Mons. Sanz ha culminado con los tres retos que desafían nuestra fe cristiana a la hora de evangelizar como Iglesia

– Ante el mundo cambiado y cambiante, donde la cultura cristiana ha dejado de ser dominante y casi somos perseguidos -en el mundo de la comunicación y la política ahora en campaña electoral. El reto es aumentar nuestra fe, nutrirla para que no desaparezca, es un reto interno. Significa que tenemos cuidar nuestra fe al tiempo que nuestra vida crece en el camino humano. «Si tenemos una vida de adultos con sueños y heridas, problemas y gratificaciones de adultos. Qué ocurre si seguimos teniendo una fe infantil. Tantas pérdidas de fe o enfriamiento de la misma, quedó la fe en aquella experiencia de la fe de la niñez. Tenemos adultos de casi todo, pero infantiles en la fe«. Conocer la fe y todas sus consecuencias es el modo mejor de crecer y poder dar razón de nuestra esperanza. La pertenencia a la parroquia, a un movimiento eclesial, donde pueda ser acompañado, nutrido, defendido…

– Una fe que no solamente alimentamos sino que también sabemos celebrar, «si la fe no la celebramos, en plural, termina siendo privada, que acaba en individualismo piadoso. La vida cristiana siempre será personal pero nunca privada«. Dios crece junto al hombre, no es un intruso, sino un cómplice de la libertad y la felicidad: «Dios crece cada año junto a vosotros, les digo a los jóvenes de confirmación, quiere soplar las velas y tienes canas con vosotros.» Hay que descubrir de forma personal a quien nos llama y nos ama. Ahí debe estar la comunidad cristiana.

– Fe testimoniada, con audacia, hay que sacarla a la plaza pública, para testimoniar lo que somos y hacemos los cristianos.

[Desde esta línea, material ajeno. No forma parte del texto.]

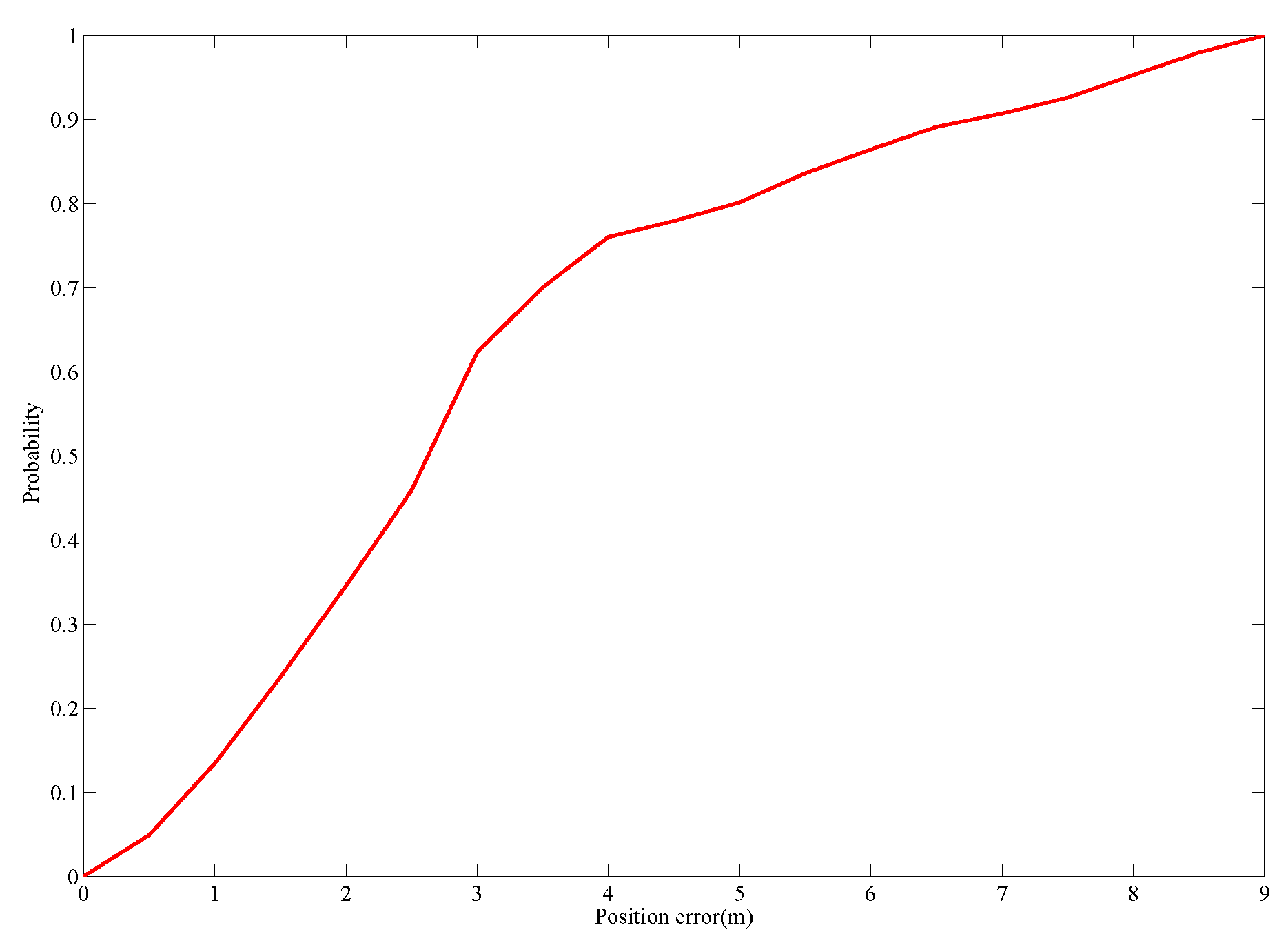 Ijgi 07 00324 g014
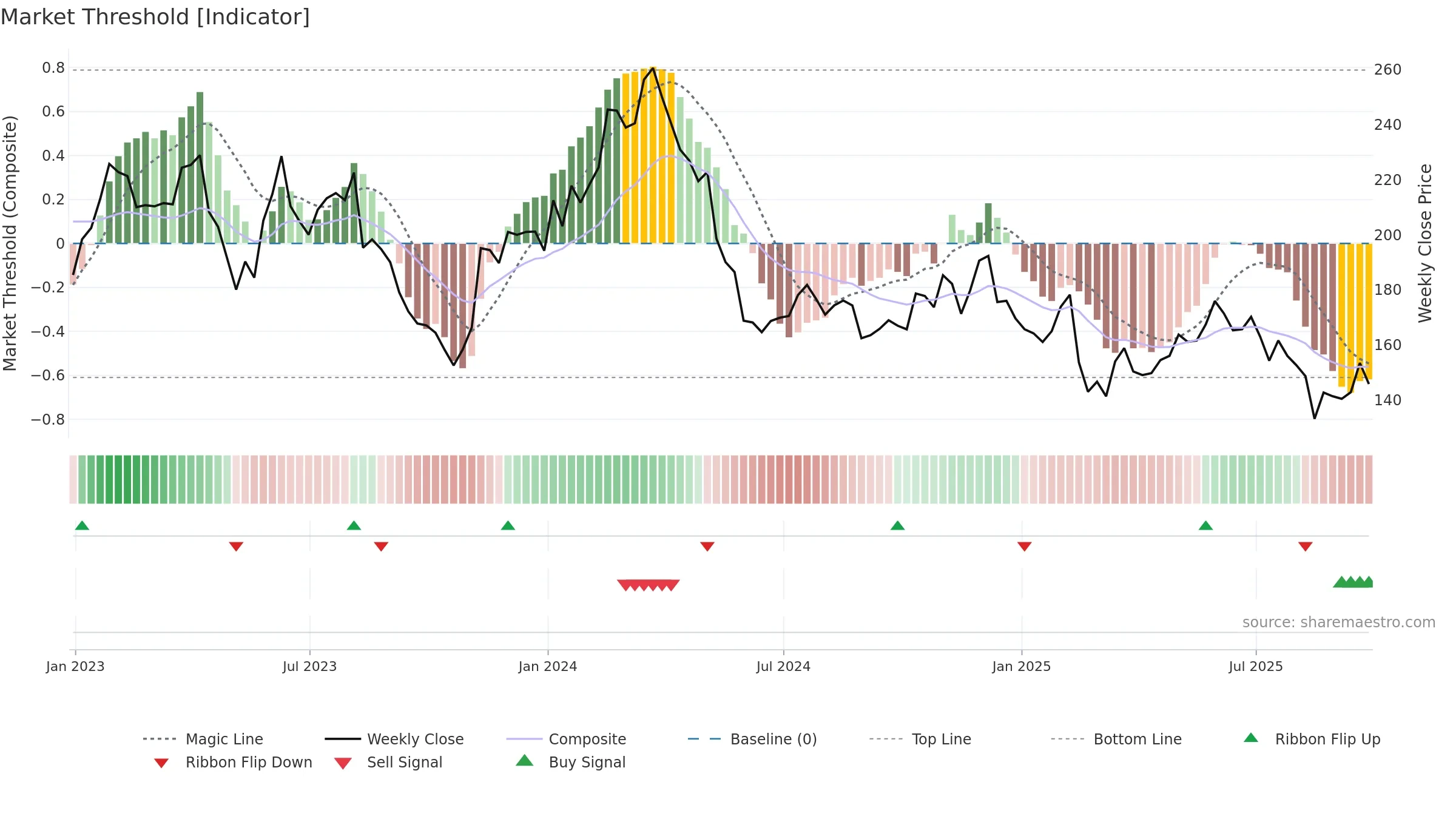 NICE weekly Market Threshold chart, closing 2025-09-19.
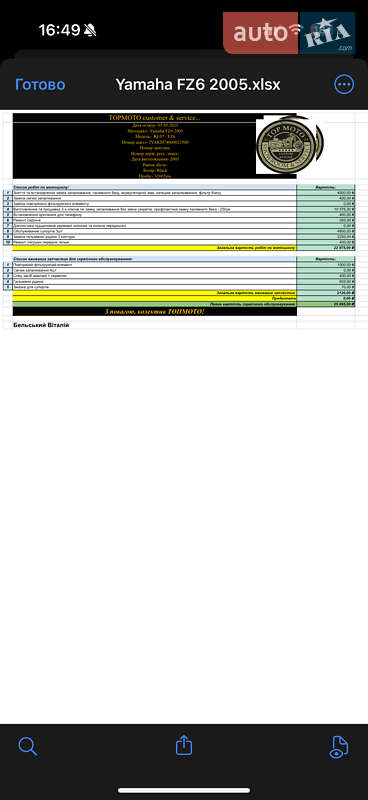 Мотоцикл Без обтікачів (Naked bike) Yamaha FZ6 2005 в Києві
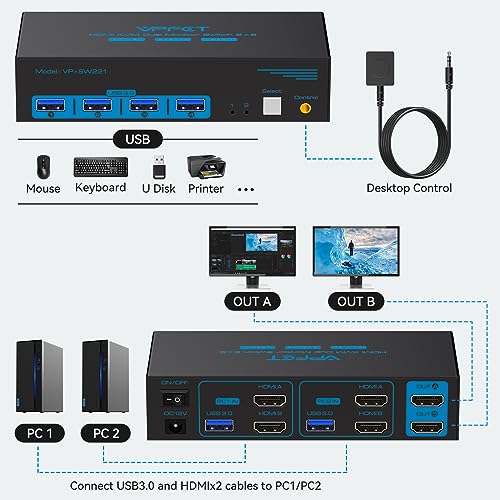 8K@60Hz Dual Monitor KVM Switch HDMI 2.1 4K@120Hz Commutateur KVM pour 2 Ordinateurs Partager 2 Écran et 4 Ports USB 3.0 Comprend contrôleur de fil externe, adaptateur 12 V CC et 2 câbles USB 3.0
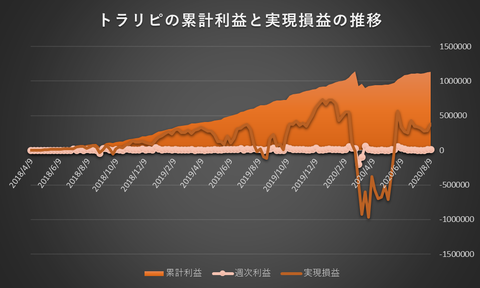 トラリピ累計利益と実現損益の推移20200815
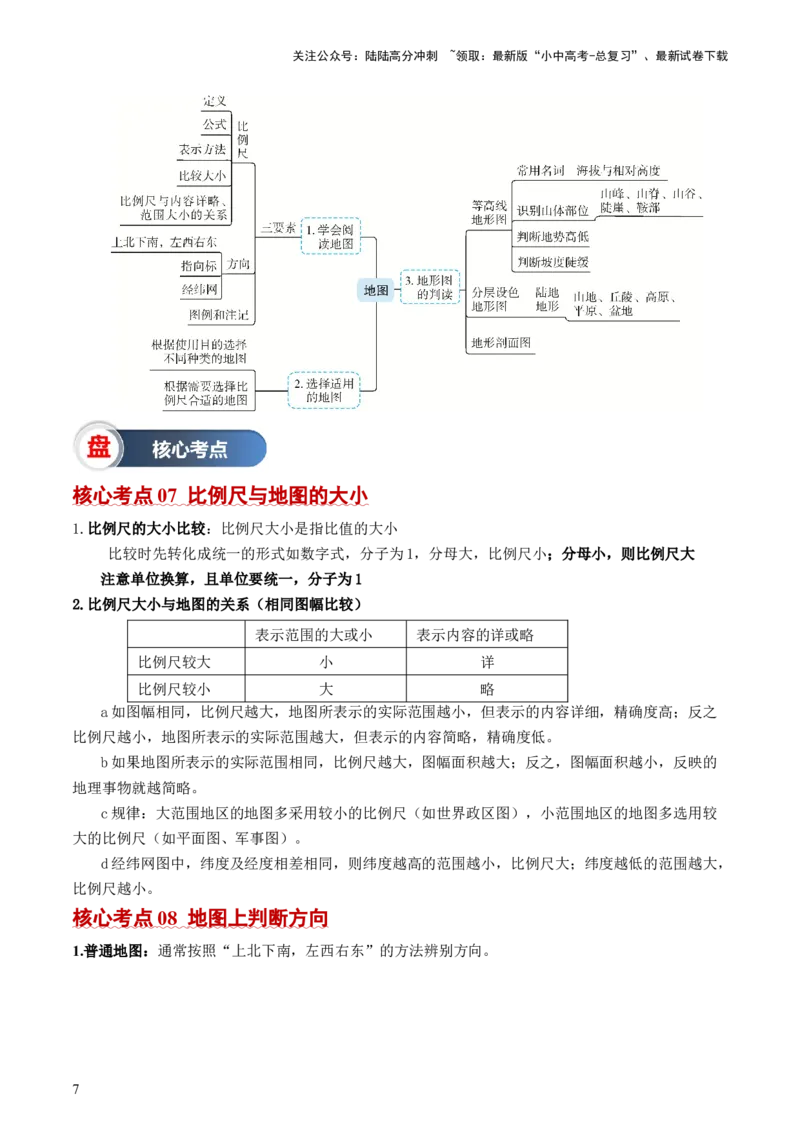 秘籍01+考前抢分法宝（20个思维导图+60个核心考点）-备战2024年中考地理抢分秘籍（全国通用）_02中考总复习（2026版更新中）_09-地理-中考总复习_2024年中考复习资料_三轮复习_考前抢分法宝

En esa plaza nos encontramos con un mundo plural que no solo no es siempre tolerante sino que a veces es tremendamente hostil. «No se trata de huir o de maldecirlas, o cavar trincheras, hemos de saber una vez más lo que es ser misionero, en las tierras de allá y en las de acá». Jesucristo es la buena noticia que nos salva. «No testimoniar a Jesucristo con soberbia o renunciar a anunciarle». La Iglesia nos vuelve a enviar misioneramente a nuestras vidas: «Seguir escribiendo con páginas nuevas el evangelio de siempre para nuestra generación. Un mundo que nos está esperando aunque él no lo sepa. Un mundo que tiene sed».